Kristina Childs

Kristina Childs

Kristina Childs

Seattle Weekly: As a DJ, you spin downtempo weekly at Fremont’s ToST and Gaspare’s in Phinney Ridge, but how’s your Krakt techno monthly going?

Kristina Childs: We’re in our second month at Re-bar, and previously we’d built up a great crowd at Jai Thai. I’d say it’s the only night of its kind in town. We don’t stick to one style—we’re going to bring minimal techno DJs all the way through the hard stuff, Detroit, German, tech-house. As long as it has that same dirty, gritty tech energy, it fits.

Is the lack of female participation I seem to notice in the scene really how it is?

I don’t think it’s equal anywhere, but it’s not so out of whack. There’s a lot of female DJs in this town: Chloe, Eva, the Motorbooty crew, Miss Funk, Emily Song, Tamara, Brandy Westmore, Miss Kick, the HitGirl collective, Mischa. . . . 

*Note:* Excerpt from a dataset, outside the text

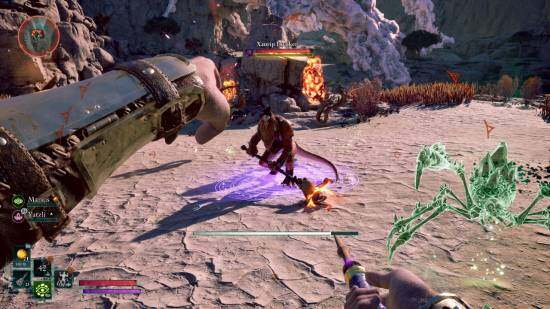 Xbox新RPG《宣誓》“詞匯注釋”功能獲好評宣傳圖2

Given that, it’s surprising that you’re the only one on the performer roster for the Decibel Festival.

I’m DJ’ing the electro-pop showcase because they need someone to play ’80s, electro, and synth-pop between sets, although Camea, Mischa, and the Perfect Cyn are also DJ’ing in the Decibel Live Lounge. Decibel focuses on live performers more than DJs, so the question shouldn’t be “Why don’t girls play Decibel?” The question should be “Why aren’t girls making music?” I can count the female producers in the world on two hands; of those, not many are making techno, and that’s Decibel’s focus.

Why do you think more women aren’t making music?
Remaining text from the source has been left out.